That Mary is the Mother of God means we do not begin with speculative accounts about God’s existence or nature. Our God is to be found in Mary’s womb. Because our God is to be found in Mary’s body we believe that same God desires to be taken in by us in this miraculous gift of the holy Eucharist, the body and blood of Christ. By partaking of this gift, a gift that if pondered leads us to ask with Mary, “How can this be?” But the gift makes the question possible, because through this gift we become participants in a time that is filled with God’s providential care of us. We are Christians. We live in Mary’s time.
Such a time is anything but empty. Rather, it is a time storied by people whose lives witness to the Lord of time, the Lord who encompasses all life and death.
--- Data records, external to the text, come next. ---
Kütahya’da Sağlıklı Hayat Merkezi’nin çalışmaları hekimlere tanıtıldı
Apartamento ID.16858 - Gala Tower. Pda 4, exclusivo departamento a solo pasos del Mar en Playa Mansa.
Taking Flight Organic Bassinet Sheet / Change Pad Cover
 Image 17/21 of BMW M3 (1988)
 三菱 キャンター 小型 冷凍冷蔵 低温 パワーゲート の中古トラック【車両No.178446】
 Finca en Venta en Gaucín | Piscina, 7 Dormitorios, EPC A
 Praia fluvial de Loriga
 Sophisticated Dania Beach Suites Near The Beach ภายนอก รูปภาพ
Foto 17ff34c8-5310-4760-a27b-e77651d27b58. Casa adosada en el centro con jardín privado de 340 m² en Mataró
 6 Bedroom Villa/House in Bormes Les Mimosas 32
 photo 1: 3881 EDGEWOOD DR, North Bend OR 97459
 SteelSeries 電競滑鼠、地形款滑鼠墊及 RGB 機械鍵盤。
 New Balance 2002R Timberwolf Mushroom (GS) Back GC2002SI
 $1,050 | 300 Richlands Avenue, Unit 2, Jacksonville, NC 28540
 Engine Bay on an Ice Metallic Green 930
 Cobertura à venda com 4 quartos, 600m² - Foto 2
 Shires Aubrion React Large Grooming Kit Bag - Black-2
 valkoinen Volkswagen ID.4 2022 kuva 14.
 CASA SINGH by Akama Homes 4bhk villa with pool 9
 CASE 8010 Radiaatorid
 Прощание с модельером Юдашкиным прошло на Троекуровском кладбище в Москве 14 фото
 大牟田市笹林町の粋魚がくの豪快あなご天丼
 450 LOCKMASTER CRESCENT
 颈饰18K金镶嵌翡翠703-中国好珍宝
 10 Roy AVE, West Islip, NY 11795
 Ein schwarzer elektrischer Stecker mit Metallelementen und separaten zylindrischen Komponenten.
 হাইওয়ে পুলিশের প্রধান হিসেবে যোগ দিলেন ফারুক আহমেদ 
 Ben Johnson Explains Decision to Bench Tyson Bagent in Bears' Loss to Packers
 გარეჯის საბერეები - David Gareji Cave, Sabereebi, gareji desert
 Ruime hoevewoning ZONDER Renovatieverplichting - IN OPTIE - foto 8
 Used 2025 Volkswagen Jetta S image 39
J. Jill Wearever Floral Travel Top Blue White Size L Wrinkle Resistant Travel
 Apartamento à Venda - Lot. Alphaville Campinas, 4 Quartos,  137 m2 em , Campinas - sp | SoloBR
I suggested above that there was a politics often associated with the question, “Do you believe in the virgin birth?” There is also a politics that is entailed by our affirmation that Mary is the Mother of God. The politics of Mary is a politics of joy characteristic of a people who have no reason to be desperate. They have no reason to be desperate because they have faith in the Lord of time.
So, on this Sunday, a Sunday when Christmas seems so near, let us remember that because we are Mary’s people we are in no hurry. Let us wait in patience for the Christ-child whose own life depended on the lives of Mary and Joseph. The Word of God was made flesh. He came so that we might experience the fullness of time. Let us wait with Mary and Joseph for the child who will redeem all of time. Let us wait with patience and hope so that the world may discover that time is not empty; rather time remains pregnant with God’s promise found in Mary, the Mother of God.